§ The problem
Print every record below exactly as it stands, but leave out the pictures.

(Source records)

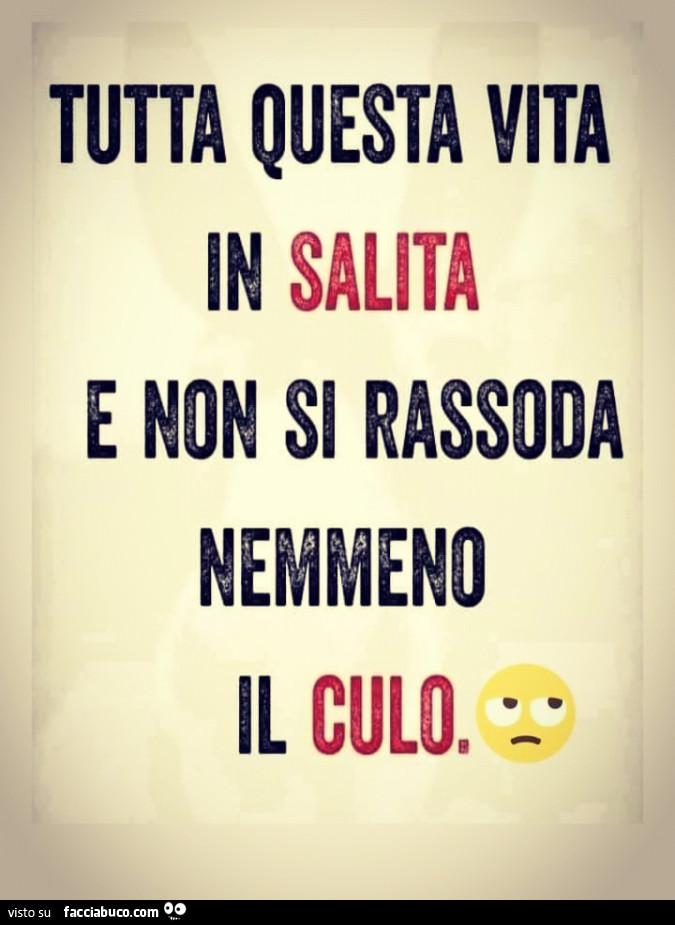 Tutta questa vita in salita e non si rassoda nemmeno il culo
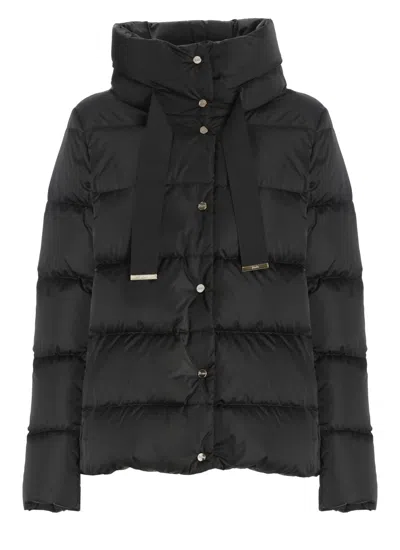 Herno High-neck Drawstring Padded Jacket In Black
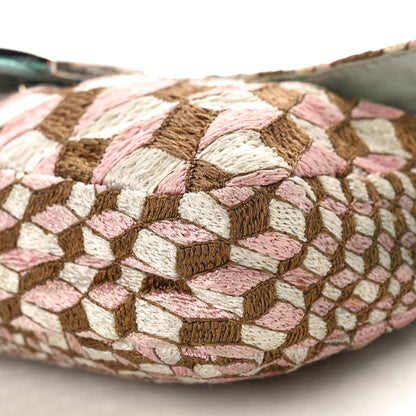 Fendi Fabric Lizard Crystal Embroidered Baguette Celeste 8 of 16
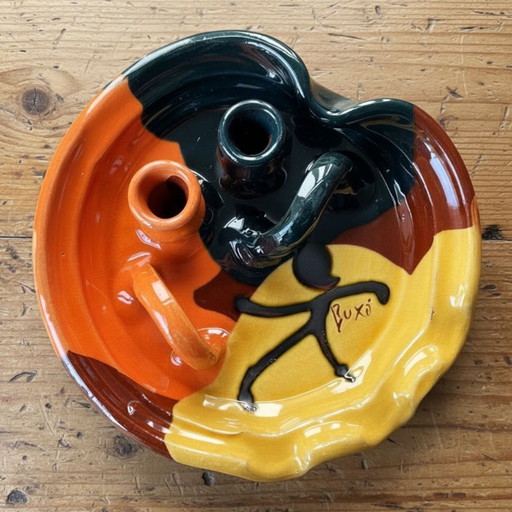 Thomas Buxo Multifunctional Ceramic Candlestick Ashtray Olive Bowl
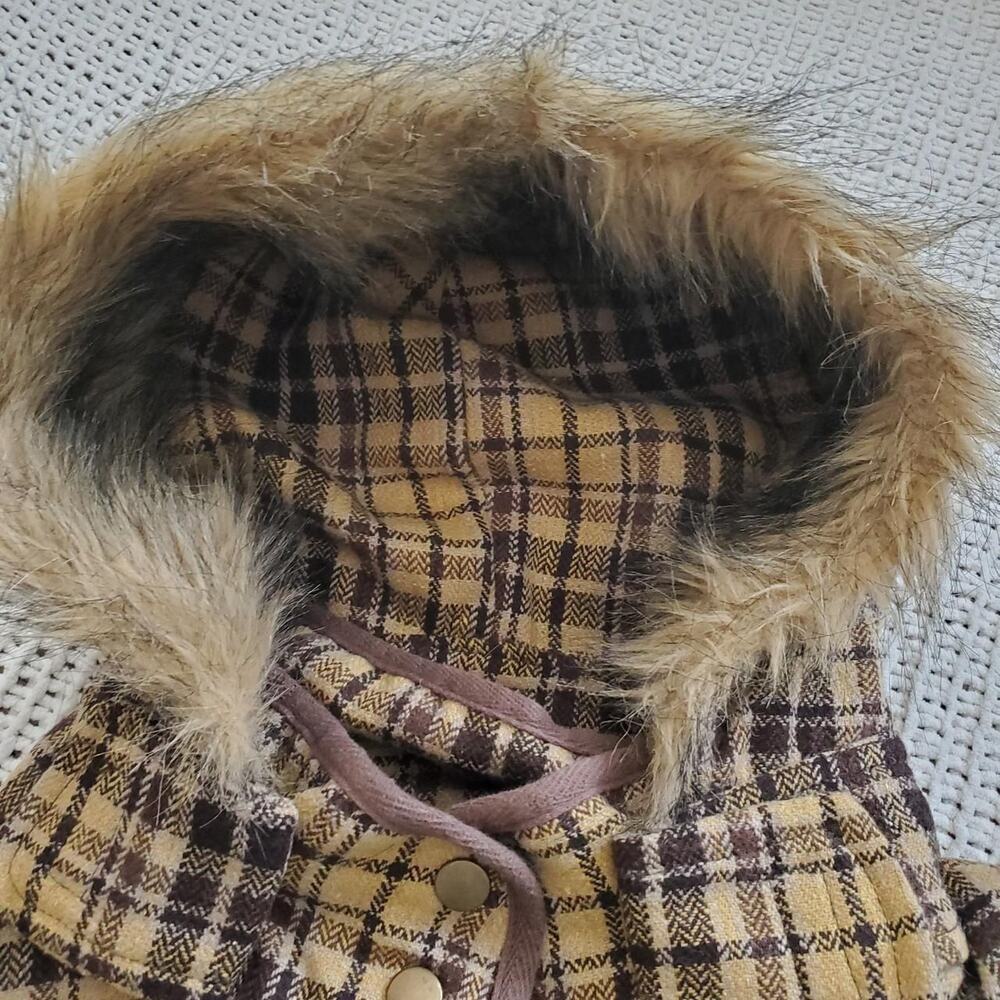 y2k Vintage sashimi yellow and brown fur lined hood vest - Picture 3 of 8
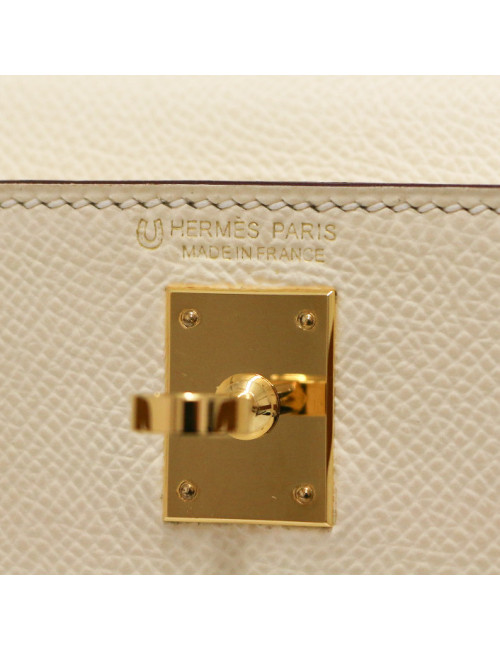 Kelly 20 HERMES sellier Epsom craie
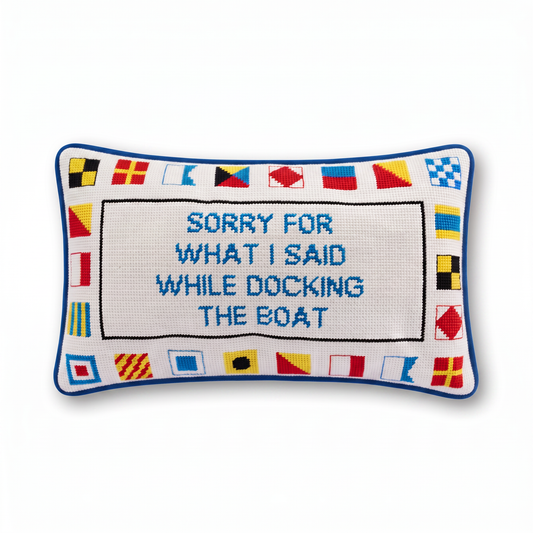 Docking The Boat Needlepoint Pillow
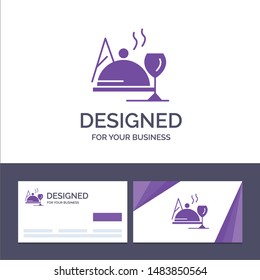 Creative Business Card and Logo template Hotel, Dish, Food, Glass Vector Illustration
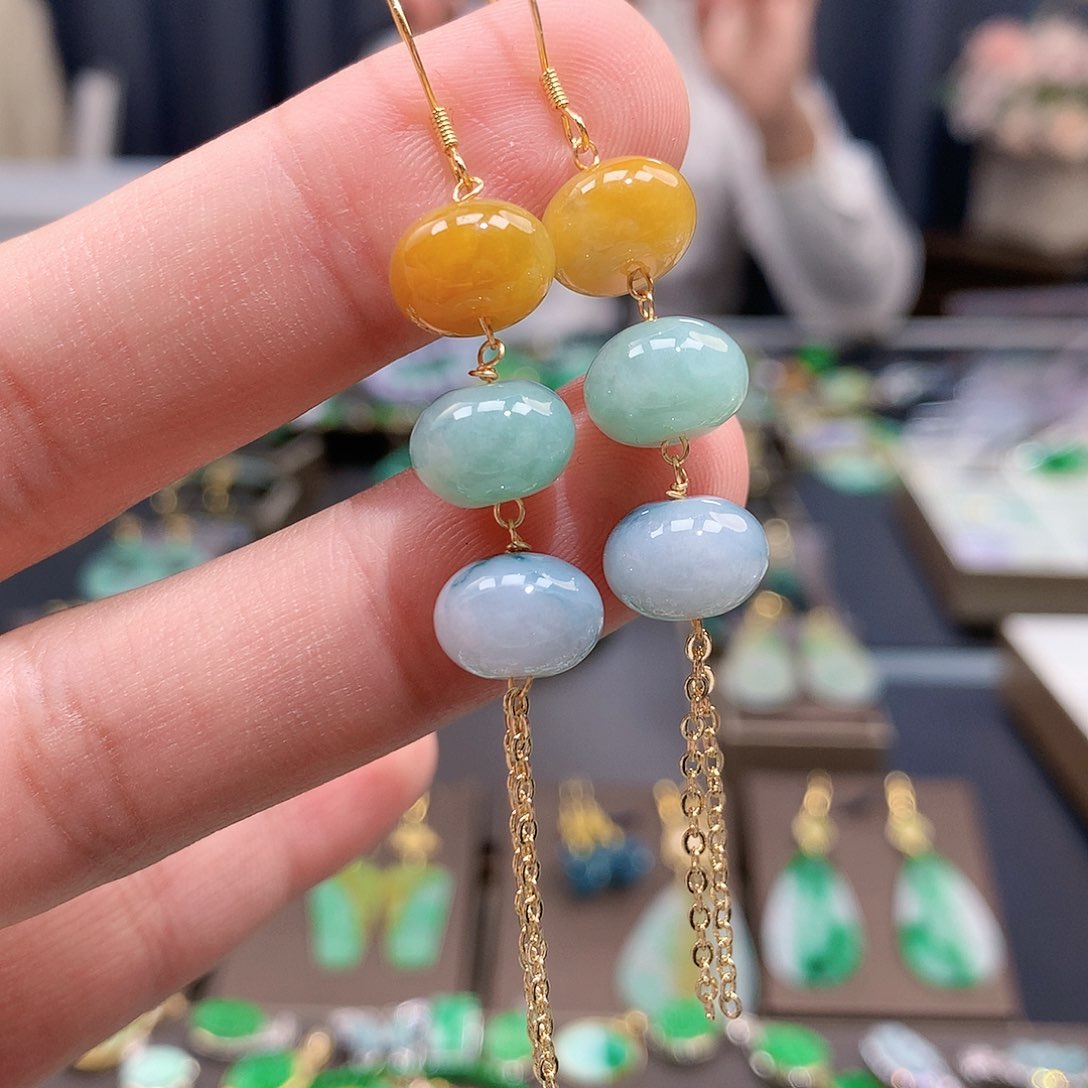 翡翠耳饰银S925镶嵌天然缅甸A货翡翠耳坠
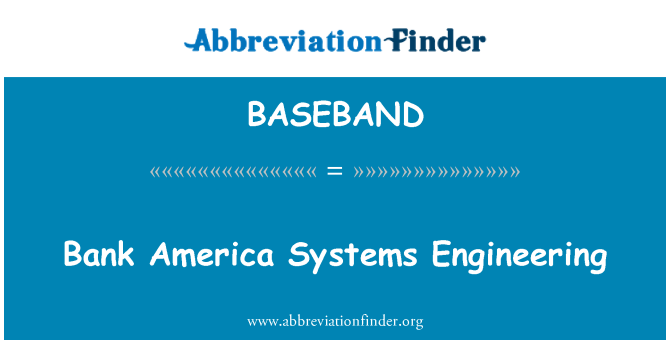 BASEBAND: Bank America sistemov inženiring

§ Result below
 Tutta questa vita in salita e non si rassoda nemmeno il culo
 Herno High-neck Drawstring Padded Jacket In Black
 Fendi Fabric Lizard Crystal Embroidered Baguette Celeste 8 of 16
 Thomas Buxo Multifunctional Ceramic Candlestick Ashtray Olive Bowl
 y2k Vintage sashimi yellow and brown fur lined hood vest - Picture 3 of 8
 Kelly 20 HERMES sellier Epsom craie
 Docking The Boat Needlepoint Pillow
 Creative Business Card and Logo template Hotel, Dish, Food, Glass Vector Illustration
 翡翠耳饰银S925镶嵌天然缅甸A货翡翠耳坠
 BASEBAND: Bank America sistemov inženiring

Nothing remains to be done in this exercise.